BROWN SUGAR AND GREEN TEA MADELEINES

These brown sugar and green tea Madeleines are so beautiful and a cinch to whip up! You'll need a Madeleine pan, and a little bit of time up your sleeves for resting! I flavoured these ones with orange zest and then coated them in a subtle Matcha (a fine powdered Japanese green tea) and topped with Genmaicha, which is a beautiful Japanese green tea mixed with roasted brown rice. You can find both of these at Japanese grocers or specialty tea shops. If you can't get your hands on them, you could simply top with orange zest and omit the matcha, although it will lack the lovely green colour so it is worth trying to seek it out. 

Madeleines are best eaten soon after baking so make sure you have plenty of friends over to devour your treats, or bake the Madeleines in two separate batches. Just leave half of the batter in the fridge until you're ready to bake. 

MAKES APPROXIMATELY 24

Zest of 1 orange

3 eggs

110g brown sugar

160g whole wheat flour

1tsp baking powder

125g unsalted butter, melted and slightly cooled, plus extra for greasing

 

GREEN TEA ICING

100g icing sugar

pinch of Matcha, or just enough to colour the icing

1-2 tbsp orange juice or water

TO DECORATE

Genmaicha

1. In a large bowl, place the orange zest, eggs and sugar. Whisk for 5-6 minutes or until tripled in volume. Sieve over the flour and baking powder and gently fold in. Pour in the melted and slightly cooled butter, a little at a time, gently mixing between each addition.
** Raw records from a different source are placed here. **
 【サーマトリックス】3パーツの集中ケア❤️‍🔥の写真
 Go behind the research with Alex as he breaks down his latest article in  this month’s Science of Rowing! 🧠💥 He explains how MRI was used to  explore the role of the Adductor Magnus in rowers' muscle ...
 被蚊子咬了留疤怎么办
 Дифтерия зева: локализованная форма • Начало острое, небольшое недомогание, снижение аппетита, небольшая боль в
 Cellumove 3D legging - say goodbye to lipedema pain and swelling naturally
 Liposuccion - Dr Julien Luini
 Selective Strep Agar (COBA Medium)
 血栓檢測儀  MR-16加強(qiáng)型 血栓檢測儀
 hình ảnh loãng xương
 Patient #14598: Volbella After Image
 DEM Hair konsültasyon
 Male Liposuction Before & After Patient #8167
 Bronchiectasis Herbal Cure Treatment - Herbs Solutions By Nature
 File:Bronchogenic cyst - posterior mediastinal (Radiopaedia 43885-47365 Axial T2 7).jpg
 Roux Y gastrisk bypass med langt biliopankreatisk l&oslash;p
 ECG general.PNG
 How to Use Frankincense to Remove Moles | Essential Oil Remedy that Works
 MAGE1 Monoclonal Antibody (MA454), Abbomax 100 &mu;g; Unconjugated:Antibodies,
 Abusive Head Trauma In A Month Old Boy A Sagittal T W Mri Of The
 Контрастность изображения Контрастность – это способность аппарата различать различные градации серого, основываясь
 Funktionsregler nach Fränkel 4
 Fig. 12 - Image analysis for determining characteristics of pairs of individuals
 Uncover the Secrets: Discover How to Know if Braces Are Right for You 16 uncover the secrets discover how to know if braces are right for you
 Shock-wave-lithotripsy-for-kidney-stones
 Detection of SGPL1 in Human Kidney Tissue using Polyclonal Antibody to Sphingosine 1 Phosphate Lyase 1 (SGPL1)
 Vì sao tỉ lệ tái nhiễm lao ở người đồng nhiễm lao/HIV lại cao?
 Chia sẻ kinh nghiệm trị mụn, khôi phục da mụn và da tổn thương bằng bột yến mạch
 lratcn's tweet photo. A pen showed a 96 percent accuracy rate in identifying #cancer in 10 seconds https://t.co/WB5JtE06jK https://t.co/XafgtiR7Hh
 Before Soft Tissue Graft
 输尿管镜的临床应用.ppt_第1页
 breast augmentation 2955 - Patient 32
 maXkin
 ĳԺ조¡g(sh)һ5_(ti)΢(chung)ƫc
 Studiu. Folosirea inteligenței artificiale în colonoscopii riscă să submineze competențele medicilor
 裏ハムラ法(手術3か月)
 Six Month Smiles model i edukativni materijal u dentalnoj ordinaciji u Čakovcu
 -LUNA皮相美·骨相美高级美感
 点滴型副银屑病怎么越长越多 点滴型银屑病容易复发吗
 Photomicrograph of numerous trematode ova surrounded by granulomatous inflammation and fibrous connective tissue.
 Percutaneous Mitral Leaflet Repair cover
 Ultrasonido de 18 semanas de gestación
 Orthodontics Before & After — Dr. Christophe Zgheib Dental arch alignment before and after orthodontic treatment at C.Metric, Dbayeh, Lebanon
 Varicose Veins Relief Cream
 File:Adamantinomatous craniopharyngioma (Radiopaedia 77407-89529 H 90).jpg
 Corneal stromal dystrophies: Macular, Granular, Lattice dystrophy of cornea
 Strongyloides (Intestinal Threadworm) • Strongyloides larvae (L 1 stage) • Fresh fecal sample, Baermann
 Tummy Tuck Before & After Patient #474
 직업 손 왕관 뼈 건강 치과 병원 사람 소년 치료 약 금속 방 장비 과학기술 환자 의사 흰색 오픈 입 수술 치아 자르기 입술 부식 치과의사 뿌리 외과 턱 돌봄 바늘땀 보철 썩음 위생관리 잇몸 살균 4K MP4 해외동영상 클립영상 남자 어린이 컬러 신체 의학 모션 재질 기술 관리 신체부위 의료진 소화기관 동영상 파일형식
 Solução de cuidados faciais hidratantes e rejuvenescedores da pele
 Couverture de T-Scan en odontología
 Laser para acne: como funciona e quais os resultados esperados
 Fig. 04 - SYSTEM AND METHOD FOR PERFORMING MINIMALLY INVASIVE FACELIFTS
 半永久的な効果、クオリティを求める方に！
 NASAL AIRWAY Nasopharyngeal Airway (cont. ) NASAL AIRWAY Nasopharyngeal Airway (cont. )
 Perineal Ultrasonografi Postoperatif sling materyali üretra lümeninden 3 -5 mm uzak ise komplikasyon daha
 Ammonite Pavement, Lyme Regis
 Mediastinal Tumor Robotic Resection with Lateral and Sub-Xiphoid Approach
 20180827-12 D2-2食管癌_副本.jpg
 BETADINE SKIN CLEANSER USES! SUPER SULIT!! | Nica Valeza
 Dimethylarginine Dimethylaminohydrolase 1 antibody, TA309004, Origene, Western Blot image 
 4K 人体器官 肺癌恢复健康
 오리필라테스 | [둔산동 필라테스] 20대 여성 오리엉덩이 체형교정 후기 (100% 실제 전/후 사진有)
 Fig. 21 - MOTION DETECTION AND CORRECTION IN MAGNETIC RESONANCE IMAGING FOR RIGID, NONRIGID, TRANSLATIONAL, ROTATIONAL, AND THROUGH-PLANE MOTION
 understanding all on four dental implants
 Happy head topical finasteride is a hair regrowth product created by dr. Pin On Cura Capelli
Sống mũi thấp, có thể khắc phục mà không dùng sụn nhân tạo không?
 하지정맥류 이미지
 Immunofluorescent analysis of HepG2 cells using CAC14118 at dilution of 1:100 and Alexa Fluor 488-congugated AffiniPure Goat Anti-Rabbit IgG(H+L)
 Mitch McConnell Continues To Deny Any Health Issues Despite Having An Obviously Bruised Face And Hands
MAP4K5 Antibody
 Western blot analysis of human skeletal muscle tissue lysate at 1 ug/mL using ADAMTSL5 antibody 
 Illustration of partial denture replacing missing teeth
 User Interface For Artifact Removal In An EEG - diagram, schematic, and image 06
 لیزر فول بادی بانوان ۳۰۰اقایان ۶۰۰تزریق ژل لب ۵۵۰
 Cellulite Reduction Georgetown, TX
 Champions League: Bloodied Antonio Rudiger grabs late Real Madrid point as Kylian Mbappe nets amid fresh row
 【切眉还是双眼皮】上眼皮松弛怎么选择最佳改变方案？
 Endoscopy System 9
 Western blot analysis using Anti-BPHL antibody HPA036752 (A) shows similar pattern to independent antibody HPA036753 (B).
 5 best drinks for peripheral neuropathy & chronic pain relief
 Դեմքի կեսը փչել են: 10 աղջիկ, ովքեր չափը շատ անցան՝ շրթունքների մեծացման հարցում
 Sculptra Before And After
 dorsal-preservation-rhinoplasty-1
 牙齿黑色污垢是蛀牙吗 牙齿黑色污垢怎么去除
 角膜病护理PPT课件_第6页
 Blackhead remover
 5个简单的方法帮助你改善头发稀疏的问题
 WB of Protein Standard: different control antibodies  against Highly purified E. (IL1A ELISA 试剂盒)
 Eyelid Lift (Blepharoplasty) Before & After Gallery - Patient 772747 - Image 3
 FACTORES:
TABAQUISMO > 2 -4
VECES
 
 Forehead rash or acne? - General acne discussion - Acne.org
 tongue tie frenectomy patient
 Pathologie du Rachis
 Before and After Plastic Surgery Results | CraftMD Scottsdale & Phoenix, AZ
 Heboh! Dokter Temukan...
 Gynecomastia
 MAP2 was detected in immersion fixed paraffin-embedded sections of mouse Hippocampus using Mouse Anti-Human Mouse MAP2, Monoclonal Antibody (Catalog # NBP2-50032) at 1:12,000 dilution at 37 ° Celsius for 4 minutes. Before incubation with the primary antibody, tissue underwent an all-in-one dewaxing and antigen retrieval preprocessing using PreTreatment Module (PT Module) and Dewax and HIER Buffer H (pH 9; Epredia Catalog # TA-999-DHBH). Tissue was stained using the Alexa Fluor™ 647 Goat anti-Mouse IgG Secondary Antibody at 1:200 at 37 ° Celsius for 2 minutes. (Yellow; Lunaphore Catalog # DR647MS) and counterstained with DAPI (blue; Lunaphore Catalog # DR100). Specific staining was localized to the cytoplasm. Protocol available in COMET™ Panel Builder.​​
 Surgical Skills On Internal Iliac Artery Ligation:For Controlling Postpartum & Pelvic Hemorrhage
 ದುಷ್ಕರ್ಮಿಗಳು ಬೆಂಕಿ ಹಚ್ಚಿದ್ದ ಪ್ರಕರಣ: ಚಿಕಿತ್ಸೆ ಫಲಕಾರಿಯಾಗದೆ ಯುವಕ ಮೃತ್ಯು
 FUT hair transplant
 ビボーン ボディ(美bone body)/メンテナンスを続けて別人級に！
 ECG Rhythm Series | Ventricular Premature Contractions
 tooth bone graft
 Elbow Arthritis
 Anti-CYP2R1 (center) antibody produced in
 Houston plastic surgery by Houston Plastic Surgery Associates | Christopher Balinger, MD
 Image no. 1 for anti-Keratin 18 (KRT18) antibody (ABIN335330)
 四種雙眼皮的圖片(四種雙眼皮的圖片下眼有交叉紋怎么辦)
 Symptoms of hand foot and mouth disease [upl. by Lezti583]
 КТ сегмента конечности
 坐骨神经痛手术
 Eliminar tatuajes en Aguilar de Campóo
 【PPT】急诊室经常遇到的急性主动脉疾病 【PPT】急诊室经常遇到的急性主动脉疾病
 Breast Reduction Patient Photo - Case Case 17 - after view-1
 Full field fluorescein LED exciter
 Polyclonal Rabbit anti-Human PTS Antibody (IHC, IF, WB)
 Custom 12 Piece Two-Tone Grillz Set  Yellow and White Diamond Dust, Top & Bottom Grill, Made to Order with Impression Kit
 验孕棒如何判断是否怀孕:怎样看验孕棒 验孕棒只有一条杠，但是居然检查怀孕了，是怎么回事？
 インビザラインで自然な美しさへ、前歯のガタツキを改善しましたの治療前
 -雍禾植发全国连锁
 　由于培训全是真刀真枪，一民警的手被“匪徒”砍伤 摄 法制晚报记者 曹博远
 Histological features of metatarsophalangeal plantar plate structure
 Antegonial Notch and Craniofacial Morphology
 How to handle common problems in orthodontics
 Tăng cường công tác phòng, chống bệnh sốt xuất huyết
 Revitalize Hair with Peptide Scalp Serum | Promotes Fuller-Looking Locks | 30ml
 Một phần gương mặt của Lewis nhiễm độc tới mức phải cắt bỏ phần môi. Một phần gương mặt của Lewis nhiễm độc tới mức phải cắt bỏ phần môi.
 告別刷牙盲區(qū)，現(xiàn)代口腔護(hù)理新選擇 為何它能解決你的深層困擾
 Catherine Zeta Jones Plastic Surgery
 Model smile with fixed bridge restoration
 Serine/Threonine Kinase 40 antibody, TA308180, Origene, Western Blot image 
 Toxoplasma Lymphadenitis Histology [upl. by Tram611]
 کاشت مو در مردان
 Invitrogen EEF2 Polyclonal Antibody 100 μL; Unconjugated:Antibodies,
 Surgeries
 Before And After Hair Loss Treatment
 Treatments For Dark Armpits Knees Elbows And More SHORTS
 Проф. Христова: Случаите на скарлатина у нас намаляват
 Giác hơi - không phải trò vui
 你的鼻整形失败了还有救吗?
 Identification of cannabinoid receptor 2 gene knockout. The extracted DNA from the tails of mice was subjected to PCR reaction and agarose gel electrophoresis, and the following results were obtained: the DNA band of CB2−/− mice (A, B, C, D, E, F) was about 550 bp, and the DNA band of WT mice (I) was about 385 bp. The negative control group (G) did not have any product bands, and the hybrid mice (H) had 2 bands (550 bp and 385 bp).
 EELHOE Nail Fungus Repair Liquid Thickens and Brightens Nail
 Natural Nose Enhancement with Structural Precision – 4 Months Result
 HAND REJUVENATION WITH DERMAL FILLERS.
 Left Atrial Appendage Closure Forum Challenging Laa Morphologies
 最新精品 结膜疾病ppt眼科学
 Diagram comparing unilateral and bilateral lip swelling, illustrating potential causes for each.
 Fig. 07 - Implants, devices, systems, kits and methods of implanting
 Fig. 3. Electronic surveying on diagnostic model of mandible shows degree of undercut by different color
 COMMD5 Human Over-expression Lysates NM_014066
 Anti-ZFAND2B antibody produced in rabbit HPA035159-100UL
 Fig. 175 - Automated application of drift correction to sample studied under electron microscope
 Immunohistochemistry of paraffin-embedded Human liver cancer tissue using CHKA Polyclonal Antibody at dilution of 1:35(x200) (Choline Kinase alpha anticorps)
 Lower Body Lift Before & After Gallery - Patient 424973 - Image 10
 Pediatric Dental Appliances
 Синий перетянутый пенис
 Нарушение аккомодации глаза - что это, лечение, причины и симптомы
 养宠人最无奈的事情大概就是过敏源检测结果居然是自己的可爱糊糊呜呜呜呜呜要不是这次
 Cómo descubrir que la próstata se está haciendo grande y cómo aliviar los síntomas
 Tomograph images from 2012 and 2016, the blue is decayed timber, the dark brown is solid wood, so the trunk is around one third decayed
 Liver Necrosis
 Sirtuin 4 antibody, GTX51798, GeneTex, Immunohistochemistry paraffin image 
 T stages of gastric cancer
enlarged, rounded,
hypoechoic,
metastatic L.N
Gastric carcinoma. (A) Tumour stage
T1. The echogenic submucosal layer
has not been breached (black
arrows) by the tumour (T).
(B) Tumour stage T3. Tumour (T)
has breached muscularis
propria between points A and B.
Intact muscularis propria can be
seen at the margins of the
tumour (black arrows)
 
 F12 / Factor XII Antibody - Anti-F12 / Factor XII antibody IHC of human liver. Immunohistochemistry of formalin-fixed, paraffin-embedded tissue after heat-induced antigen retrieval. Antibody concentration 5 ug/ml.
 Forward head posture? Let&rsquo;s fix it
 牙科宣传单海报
Cover bowl with cling film and refrigerate for at least 4 hours (I leave mine overnight).

2. Preheat the oven to 180C. Lightly grease two 12-hole Madeleine pans. Divide the batter between the pans by gently spooning about a tablespoon of the mixture into each shell. Ensure you don't spread the mixture out, although it may seem firm, it will spread during the bake. I didn't bake all of mine at once so their sizes weren't all that even, but it didn't matter too much and just affected the shape a little. Bake for approximately 10 minutes or until risen and golden. Gently remove the Madeleines from the pan and leave to cool slightly.

3. Meanwhile make the icing. Mix all the ingredients together until all combined. You may need to adjust the matcha for the correct colour. If you add too much matcha, you can just add a more icing sugar and possibly liquid to create the correct consistency and colour. It should be thick but a pourable consistency and a pale green colour. 

4. To finish the Madeleines, dip the shell side of the Madeleines in the icing and hold for a few seconds to allow excess to drip off. Sprinkle a little of the Genmaicha over the iced Madeleines and allow to set for a few minutes. Repeat with remaining Madeleines and serve.